EMR and Xplenty are based on an infrastructure of Amazon EC2 instances, allowing them to take advantage of Hadoop’s ability to scale horizontally on the cloud. Clusters can grow as needed or even be discarded as soon as the data has finished processing. In this sense both are highly scalable.
There is one difference between the two. Depending on the the type of account, Xplenty has a limit on how many nodes can be added per cluster. EMR, however, allows using as many instances as possible within the limits of your account. The default limit is 20 instances per region, and the limit can be changed by submitting a request to Amazon.
Ease of Use
Even though EMR saves some installation and configuration hassle, it does not remove it all. EMR enables easy deployment of Pig, Hive, HBase, and Ganglia, but other packages have to be installed manually. Pretty soon you will need workflow management (e.g. Oozie), or relational database integration (Sqoop). It’s up to you to set them up. Also, debugging with EMR can be difficult since full logs need to be inspected in order to understand what went wrong. Basically, techie skills are still required to fully utilize Hadoop on EMR.

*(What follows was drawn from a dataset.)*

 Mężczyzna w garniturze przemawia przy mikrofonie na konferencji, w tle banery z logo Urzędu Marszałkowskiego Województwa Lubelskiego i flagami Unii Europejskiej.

With Xplenty, no installations are required, just signing up for an account. Workflow management and integration with relational databases are already included. Xplenty provides a full user interface to provision clusters and design ETL flows. This means that no techie skills are required, and even data integration can be done without writing any code. Debugging with Xplenty is much simpler as well since it provides concise error logs and package validation prior to creating a cluster.
As mentioned above, both services are based on EC2 instances. The only difference is that EMR allows selecting instance types while Xplenty comes with a default instance type (m1.xlarge). Therefore, comparing Xplenty with EMR using the same type and number of instances should show similar performance.
Xplenty’s prices start with $499 a month for 250 node hours using m1.xlarge instances. On Amazon, these instances cost $0.350 per hour for EC2 and $0.088 per hour for EMR, in total $0.438 per hour.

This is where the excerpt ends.